Após quase dez anos praticamente desaparecido do cenário dos crimes econômicos, a sonegação fiscal ressurge com o fantasma da possibilidade de condenação penal de empresários

Laura Ignacio

Após quase dez anos praticamente desaparecido do cenário dos crimes econômicos, a sonegação fiscal ressurge com o fantasma da possibilidade de condenação penal de empresários que, no passado, tiveram suas empresas autuadas pelo fisco em função do delito. Advogados criminalistas estão às voltas com processos criminais por sonegação decorrentes de autuações do fim dos anos 90 e início da década atual - que todos já davam como casos encerrados. O motivo é uma nova tese desenvolvida pelo Ministério Público que vem obtendo sucesso no Poder Judiciário: a de que, se a ação penal por sonegação fiscal só pode ser ajuizada após o fim do processo administrativo - como já definiu a jurisprudência do Supremo Tribunal federal (STF) -, a contagem do prazo de prescrição do crime fica suspensa ou só começa a correr a partir do julgamento definitivo da autuação na esfera administrativa.

No passado, a iniciativa de buscar punição para a sonegação fiscal foi de um grupo de procuradores gaúchos, que conseguiu na Justiça decisões determinando a prisão de diversos empresários de porte no Estado. Na década de 90 o Ministério Público fez um acordo com a Receita Federal no Rio Grande do Sul e os juízes do Estado para garantia maior agilidade nos julgamentos e fazer valer a Lei nº 4.729, de 1965, que regula o crime de sonegação fiscal. O resultado foi a condenação de empresários de porte - como a de executivos da fábrica de sapatos Ortopé, de Gramado e da indústria de produtos de couro Fasolo, de Novo Hamburgo.

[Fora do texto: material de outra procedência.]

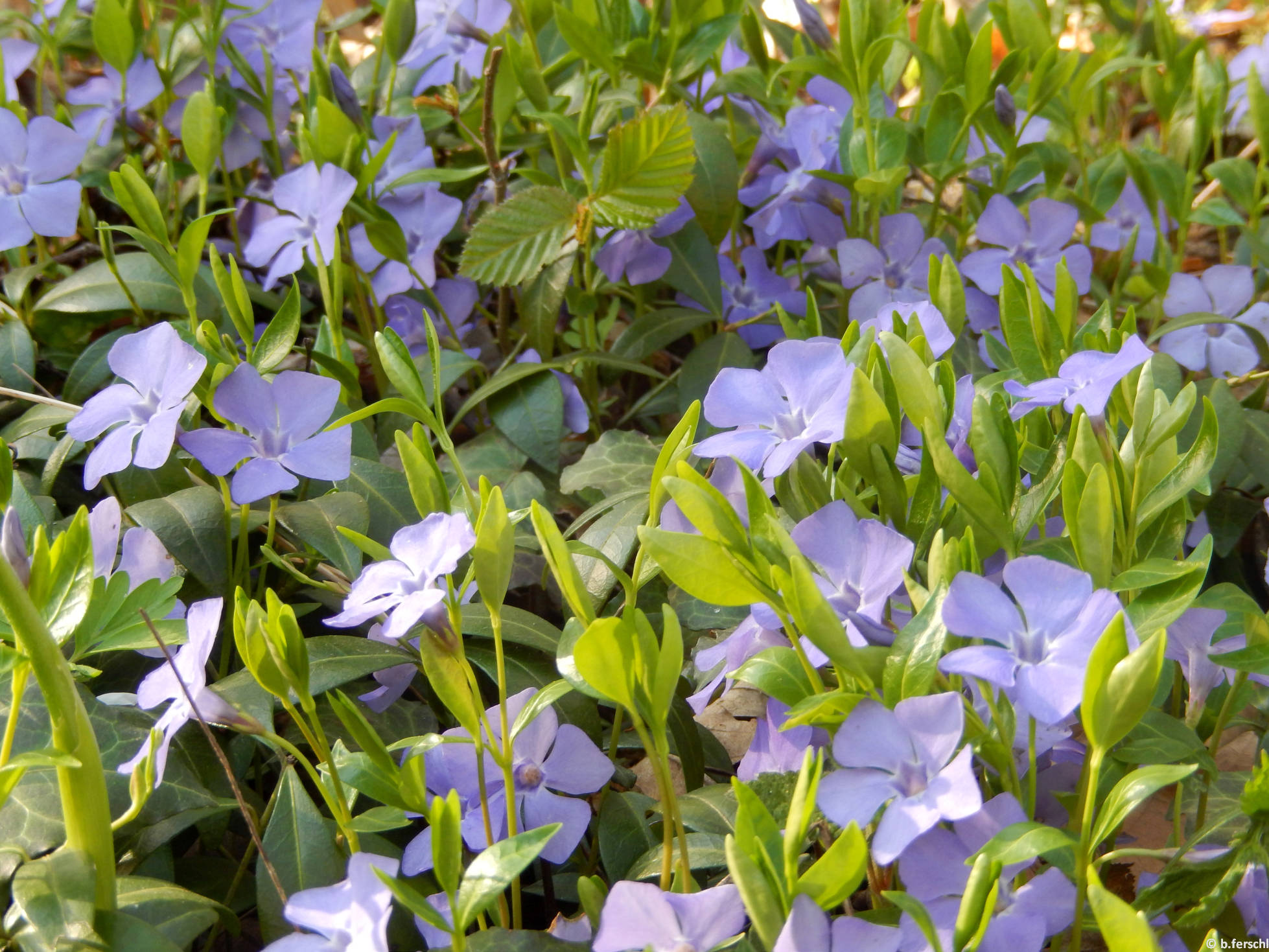 Kis meténg - télizöld (Vinca minor)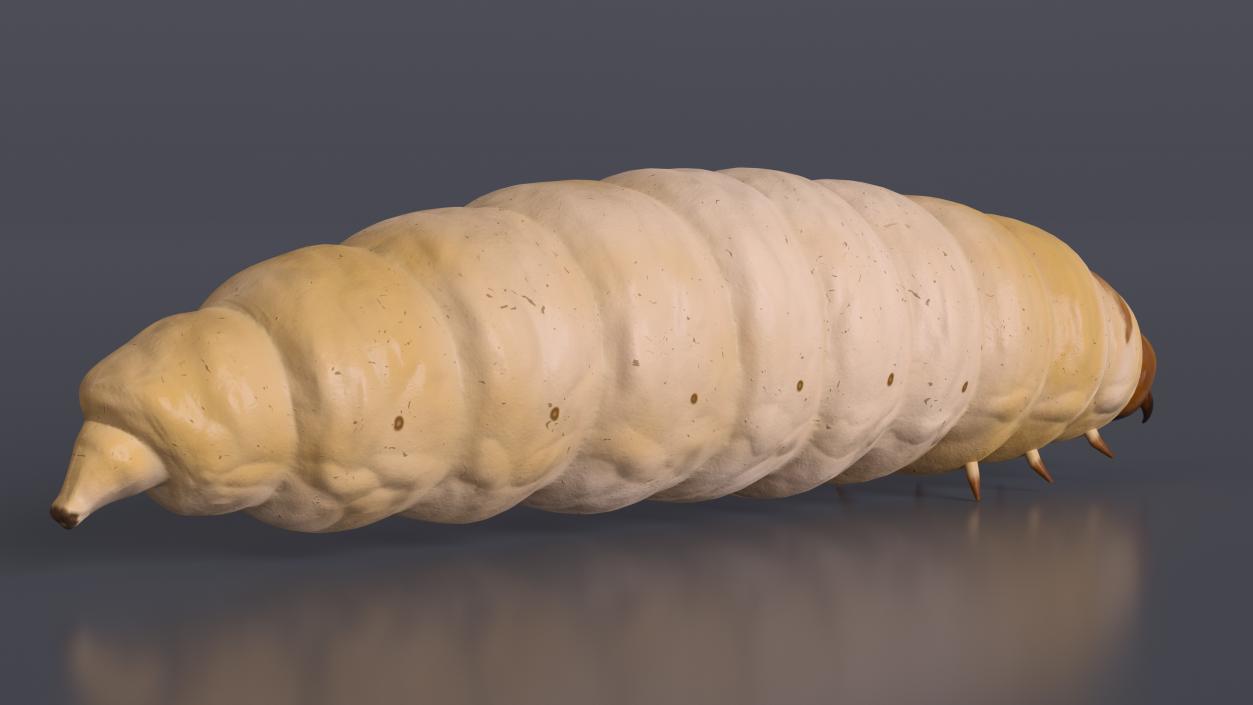 3D model Maggot Fly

Ao longo do tempo, no entanto, advogados criminalistas conseguiram emplacar na Justiça diversas teses que praticamente colocaram uma pá de cal na possibilidade de condenação por crime de sonegação fiscal. Ainda em 1995, a Lei nº 9.249 instituiu que o pagamento da dívida tributária extingue a punibilidade - que passou gradativamente a ser aplicada com mais rigor pela Justiça. Em 1998, a Lei nº 9.714 alterou o Código Penal possibilitando a aplicação de penas alternativas para crimes de menor potencial ofensivo - como o de sonegação fiscal. Em 2003, a Lei nº 10.684 permitiu que o parcelamento seja admitido como pagamento, eliminando a possibilidade de punição pelo débito fiscal e, no mesmo ano, o Supremo decidiu, enfim, que o inquérito penal só pode ser aberto após o fim do processo administrativo.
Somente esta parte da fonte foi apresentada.